Test kernel, Error:E010:Irreducible ControlFlow Detected

I’m running some extremely simple kernels (single instruction looped many times) to test the speed of different instructions. The following code gives me the error:

Error:E010:Irreducible ControlFlow Detected


__kernel void acosh_test( const unsigned int N ) 
{ 
	float2 i = float2(2,2); 
	for( int x=0; x<N; x++ ) 
	{ 
		acosh(i); 
	} 
}

it works fine with “acos” instead of “acosh”.

using ATI 5870, tested in program and with ATI Stream Kernel Analyzer, with the same result.

I’ll keep posting problems with specific instruction/type errors.


__kernel void atan2_test( const unsigned int N ) 
{ 
   float2 i,j; 
   for( int x=0; x<N; x++ ) 
   { 
      atan2(i,j); 
   } 
}

gives me a long hangup in the compiler, sometimes gives a “build failed” error, but never actually compiles. does it matter that i and j are not initialized to any value? for other datatypes, it works fine.

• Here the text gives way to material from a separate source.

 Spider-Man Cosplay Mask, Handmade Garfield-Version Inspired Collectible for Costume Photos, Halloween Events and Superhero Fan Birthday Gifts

Side question, if variables are declared but uninitialized, what values will they take? memory garbage, or zeroes?

got “Error:E010:Irreducible ControlFlow Detected” again, for

float2 and atan2pi(i,j), same loop as before

Garbage. This behavior is inherited from C99.

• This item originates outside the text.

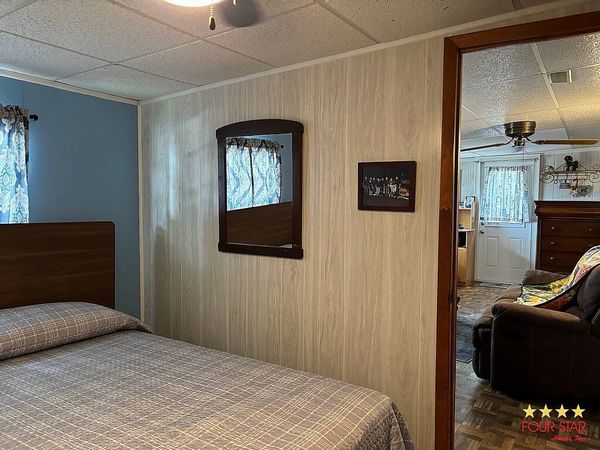 2438 Montauk Ct, Orange City FL 32763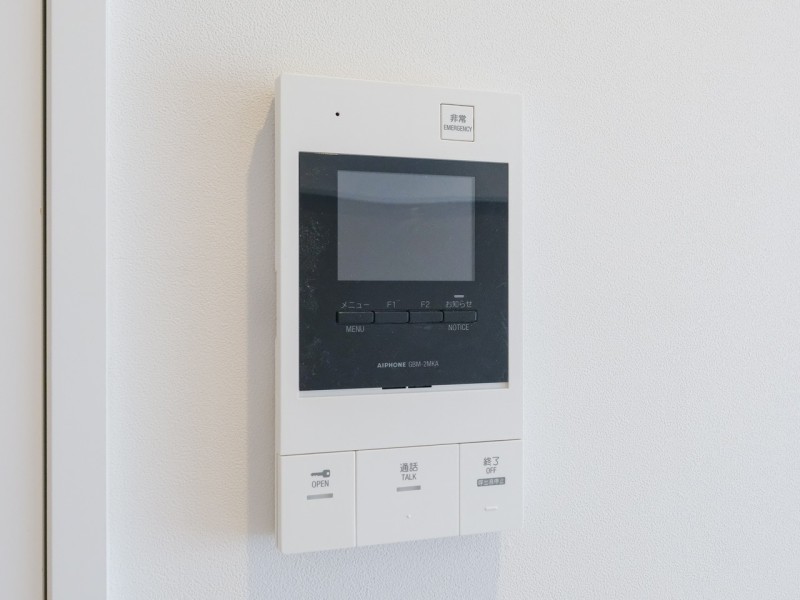 ◆TVモニター付インターホン◆訪ねてきた相手をモニター越しに確認でき、防犯対策に役立ちます。インターホン越しに話をすることが可能です。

As for the irreducible control flow error message, I would report it to ATI instead of here.

By best semi-random guess is that since you are not using the values returned by acosh(), the compiler is aggressively optimizing the code in a way that at some point mid-compilation the code has irreducible control flow, at which point the compiler gives up.

As a side note, it is very unlikely that the sort of kernels that you are compiling will give you any useful information about the cost of evaluating those trigonometric functions. Since you are throwing away the values returned by these functions, the compiler will optimize the code away and not call the functions even once. Even the loop will not be evaluated. A good compiler will produce an empty kernel.

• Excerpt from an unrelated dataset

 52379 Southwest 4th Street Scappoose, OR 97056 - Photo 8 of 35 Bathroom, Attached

Thanks David! Everything now outputs to a location in a buffer, and the tests compile/run fine.

follow ups:

How meaningful would stats like this be? The time is taken from the elapsed time for the clEnqueueNDRangeKernel event to finish, and time/instruction is simply the total elapsed time divided by the number of iterations.

Is there any way to generate ISA code the way that the OpenCL Profiler does, using API calls? I get the ir code using clGetProgramInfo( …, CL_PROGRAM_BINARIES, … ), but can i get more info on what is being sent to hardware?

How meaningful would stats like this be? The time is taken from the elapsed time for the clEnqueueNDRangeKernel event to finish, and time/instruction is simply the total elapsed time divided by the number of iterations.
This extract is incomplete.